I apologise for talking in these oblique terms, but I am hoping to pique the reader's interest and make them want to see this film without having to introduce a spoiler warning.

As a sub-species of the horror film, the ghost story is particularly difficult to carry off. Perhaps it's because whereas the written word can evoke the darkest imaginings of the reader's nightmares, the literal camera can only really portray them, and inevitably ends up with a Caspar-like banality. I'm trying to tick great filmed ghost stories off on my fingers, and I fear just one hand will do (with perhaps the other hand for ones I only know by reputation, like Kwaidan). There's Devil's Backbone, Robert Wise's The Haunting, Don't Look Now (though as with the Devil's Backbone, this is not the ghost you were first thinking of). What else?
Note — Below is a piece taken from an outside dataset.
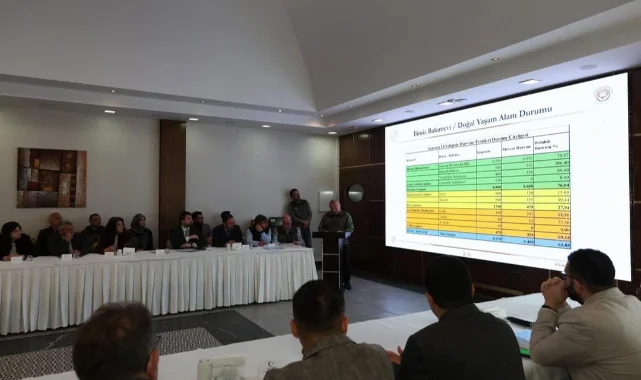 Samsun’da sokak hayvanları alarmı: 10 ilçede tek bir tesis bile yok!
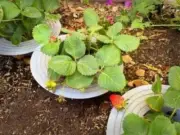 Strawberry Plant Support | 3D Printed Plant Propagation (PR-28)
Possibly Nigel Kneale's The Stone Tape, though that is filmed and performed in an early 70s TV style that is now distractingly dated. Curse (or Night) of the Demon? True, that was from a tale by M.R.James, but it's not really a proper ghost story. One of the greatest ghost stories written post WW2 is Elizabeth Jane Howard's "Three Miles Up", but that received a dismally inappropriate British TV treatment, as clunkily and uncomprehendingly literal-minded as the lamentable remake of The Haunting. We can argue about the details of what is and isn't on the list, but my recommendation is clear. This little gem is a real find, and sits deservedly in this very exclusive company.